::: DATASET SECTION :::

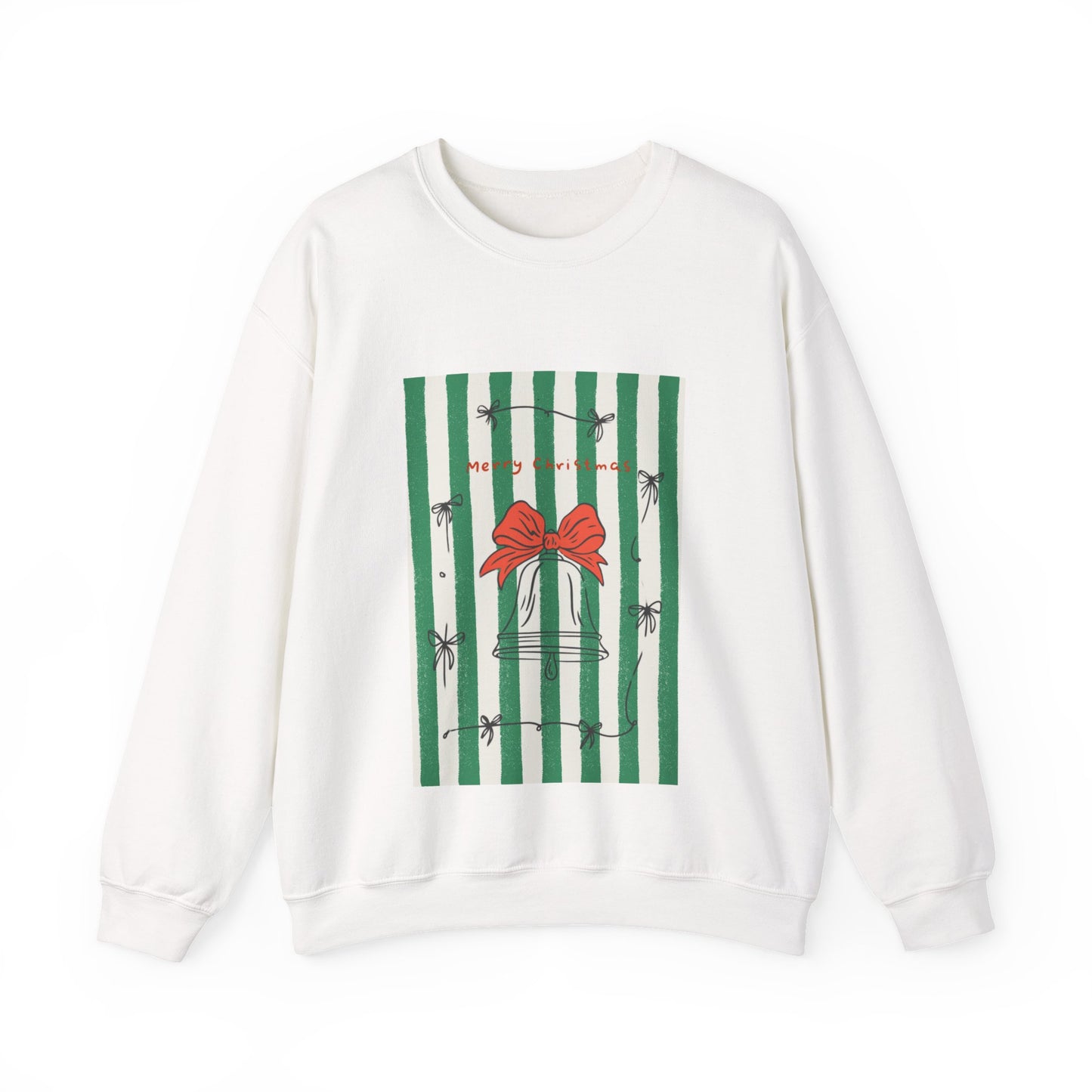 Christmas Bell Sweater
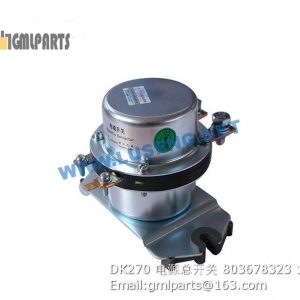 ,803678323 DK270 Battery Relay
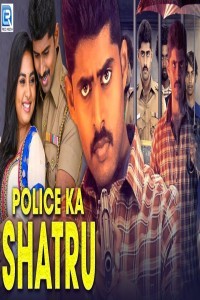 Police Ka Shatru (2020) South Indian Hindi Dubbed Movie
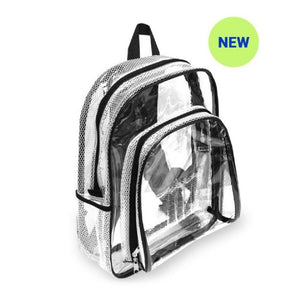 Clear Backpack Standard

:::

## WHAT TO PRODUCE
Please give all of the material again, exactly, without the images.

## RESPONSE AREA
 Christmas Bell Sweater
 ,803678323 DK270 Battery Relay
 Police Ka Shatru (2020) South Indian Hindi Dubbed Movie
 Clear Backpack Standard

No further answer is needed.